Is the Government (or some agency) going to undertake certification and proof of functionality testing of GP client systems, to ensure they work as safely as possible and have up-to-date drug reference databases etc?

How are prescriptions, which are transmitted but not collected, to be handled? (e.g. the situation where the patient decides not to pay for the drug, or is given the prescription on the basis of “if you get worse get it filled”).

Who will have access to the commercially valuable prescribing data-base the system will create and under what circumstances?

Where do NEHTA, the medical colleges, the pharmacists, the Pharmacy Guild and consumers fit in all this. Have they been consulted?

Are hospitals expected to produce discharge prescriptions electronically?

What review has been undertaken of all the work done here and overseas to ensure we get the safest and most secure system possible from end to end (i.e. from the doctor developing the prescription all the way to the patient being handed their medication and appropriate clinical and safety advice)?

I suppose I could go on but in the absence of the AHMAC providing publicly available detailed minutes there seems little point. All we have – from the Government and AHMAC – is that which has been provided in the above announcement.

Before wrapping up, I must say I think a properly developed and considered national e-prescribing implementation would be a very good thing and would save a significant number of injuries, indeed lives. It does of course need to be undertaken in the context of that National e-Health Plan we have all yet to see.

However, it seems to this observer that, despite some rumours to the contrary, this hare has a good deal further to run and a good deal more work to be undertaken before something useful makes it to the light of day. Pity about that. It all seems far to “spur of the moment’ to be real.

David.

Sunday, July 23, 2006

E-Mail Security and Clinical Practice – What’s Sensible?

In The Australian last week an article appeared reporting that a large teaching hospital in Melbourne has been using standard e-mail to send discharge summaries to GPs. Further it was reported that this had been approved by the hospital following a decision by the hospital's privacy committee that the benefits of rapid communication outweighed the risks to patient confidentiality.

The questions this action poses are interesting and, to a degree, contentious. What they boil down to are essentially - What place does standard e-mail have in daily clinical practice? – Should its use be constrained? - What alternatives exist to achieve the outcomes sought by the hospital (rapid communication of important information to the relevant GP)?.

The essential facts are these.

Firstly traditional un-encrypted e-mail is simply an insecure communications medium. Even more worrying is that it is a very persistent (long lasting) medium where, with enough effort, months or years down the track e-mail can be retrieved. Why - because e-mail seldom goes directly from sender to recipient (it typically passes through one, two or more intervening servers all of which often keep a copy) and anyone who has access control to that server can read any e-mail on it.

Secondly the recognition that e-mail is insecure has provoked privacy organisations and general practice organisations to consider – How should email best be used?.

Thirdly, the ubiquity and ease of use of e-mail, makes it imperative that rather than apply blanket bans or approval a reasonable, responsible, balanced and pragmatic approach to e-mail use, between hospitals and GPs, and between patient’s and GPs, should be developed. I and many others have been using e-mail in one form or another for almost two decades. To-date I have had no problems although others have, ranging from e-mails being leaked to the press to marriages being threatened by receipt of misdirected or accidentally copied or forwarded e-mail.

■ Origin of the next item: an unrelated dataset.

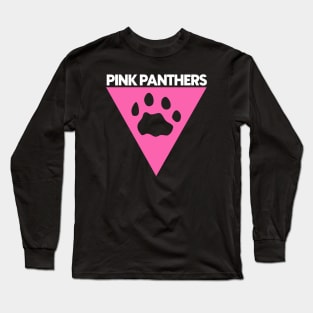 Pink Panthers Patrol NYC Gay Retro Long Sleeve T-Shirt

For GPs it seems clear that the guidelines developed by the General Practice Computing Group (GPCG), and available from their website, provide a sensible and well thought out approach for the use of e-mail when communicating with patients . The essential elements of this approach are to treat e-mail as official correspondence, get informed consent as to the risks of disclosure from the patient before using e-mail, do not use e-mail for any urgent matters, have a properly worded disclaimer on the footer of any patient e-mail and do not include anything in e-mails that could potentially embarrass or upset a patient. A practice policy as to security of e-mail, filing of e-mails in patient records and response time back to the patient are also sound and needed steps.

GPs who are concerned can, of course, set up various technology based secure links with regular patients – but such approaches are not really generally applicable given the effort required by both parties and the cost. Better would be an agreed national approach to secure e-mail for GPs to communicate with patients rather than the present – albeit obviously interim - situation we have at present.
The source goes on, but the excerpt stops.